Vivian Maier: In Her Own Words is a travelling exhibition that details the photography of Vivian Maier, an American nanny that did photography in her spare time that captured the everyday life of people in American cities.
“Vivian Maier has this really unique story,” Glenbow Museum art curator Sarah Todd says. “She was a Chicago-based nanny who pursued photography in her spare time. This was in the 50s and 60s when photography, especially for women, was seen as a hobby. She did a lot of photography and a lot of stuff out in the world. The curator of this exhibition called her “The Godmother of Instagram” which is such a great way to frame it. She was shooting everyday life in a way that was aesthetically really compelling and beautiful.”
Maier’s work was not widely seen until 2007 and she only came to international notoriety in 2013, four years after her death in 2009, after being the subject of the Academy Award nominated documentary Finding Vivian Maier.
“During this time she shot over 2,000 rolls of film and made 3,000 prints,but it was totally unknown until 2007 when this guy John Maloof happened to discover it at an auction house in Chicago,” Todd explains. “Since then it’s been really widely exhibited. She had such an incredible, natural sense. She often took just one frame of her negatives. It wasn’t like she was shooting tons like we do now, because film was a precious resource, especially for someone working as a nanny. She passed away in 2009 but her work has gained a lot of notoriety, especially because there’s been a well-known documentary called Finding Vivan Maier which made her the kind of celebrity that we know today.”
Maxwell Bates: The In Crowd will highlight the work of Calgary artist Maxwell Bates, who operated as a modernist painter and an architect responsible for iconic Calgary structures such as the St. Mary’s Cathedral on 18 Ave S.W. The In Crowd focuses on Bates’ later work he created after moving to Victoria from Calgary in the 1960s, where he would remain until his death in 1980.
“Maxwell Bates is this really fascinating figure within Alberta art,” Todd says. “He was a leading Alberta modernist, and during his time here, he created a lot of work and paintings that were really quite boundary pushing and quite serious. Representing depression-era and post-World War Two Alberta in pretty unflinching lights. He has this prairie noir exhibition here called Rough Country. Maxwell Bates was an architect and did all of these things. In the 1960s, he had a stroke. After this, he quit his architecture practice and moved to Victoria with his wife. There he began painting really prolifically from the mid 60s to the mid 70s. The subject matter of these paintings was totally different from what he did before. He started painting cocktail parties and opening receptions — he painted the art world and his social life in Victoria, which, judging from the paintings, is pretty raucous.”

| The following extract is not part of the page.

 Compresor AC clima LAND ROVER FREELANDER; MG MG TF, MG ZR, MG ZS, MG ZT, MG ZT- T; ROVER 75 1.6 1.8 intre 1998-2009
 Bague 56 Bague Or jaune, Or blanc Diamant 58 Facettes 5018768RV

These paintings make use of brighter colours than much of Bates’ earlier work, which used muted colours influenced by the prairie landscape that he inhabited. These works put Bates in an observer’s position, with scenes depicting parties and the people surrounding him.
“It’s this massive series of paintings that are very colourful and very 1960s,” Todd says. “You can see him as an outsider in these social situations and painting people not always in the most flattering light. It was just a body of work that we found so fascinating because it is quite unlike the other things that he had done. It’s interesting for an artist at the end of their career to embark on this new body of work and doing it so prolifically, he must have been painting and painting away in Victoria. A lot of them are coming from public collections and others are coming from generous private collectors.”

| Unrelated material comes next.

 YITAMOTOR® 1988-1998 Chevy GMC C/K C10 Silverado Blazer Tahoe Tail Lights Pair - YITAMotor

Ron Moppett: Do You Remember/Snow and Stars is curated by Nancy Tousley as part of her acclaimed One New Work series. The exhibition will highlight the work of famed Calgary artist Ron Moppett.
“With this series, Nancy Tousley has been inviting artists from this region to present one new work as the title indicates,” Todd says. “Ron Moppett is a very important painter who has lived and worked in Calgary for a long time. He’s incredibly influential. It’s going to be one new work and a couple of other works he’s bringing in as well.”

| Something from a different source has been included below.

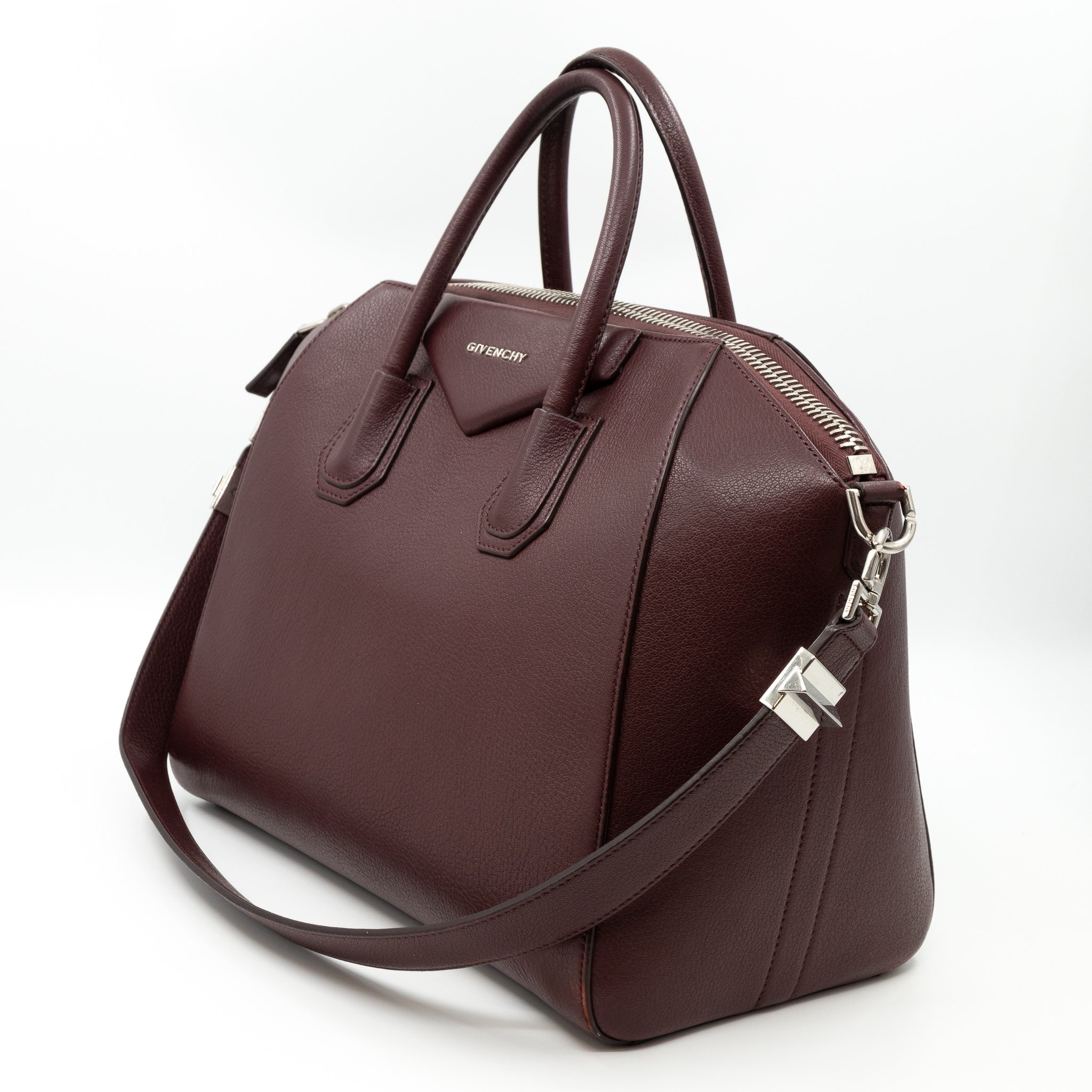 Antigona Medium Burgundy Leather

There will be numerous programs happening at the Museum during the exhibitions to help further understand the works exhibited.
“There’s going to be lots of different programs going on,” Todd says. “There’s going to be talks going on about Maxwell Bates, there’s going to be one called Culture and Cocktails. With the Vivan Maier exhibition, we’ll be screening Finding Vivian Maier a lot. There’s going to be lots of ways to interact with the exhibits aside from just seeing them. There’s going to be a launch party, which is going to be a super fun pay-what-you-can kickoff to the season and it will be on Sat. Feb. 8. That goes from 7:30–10:30 p.m. It’s a great way to come see the shows too.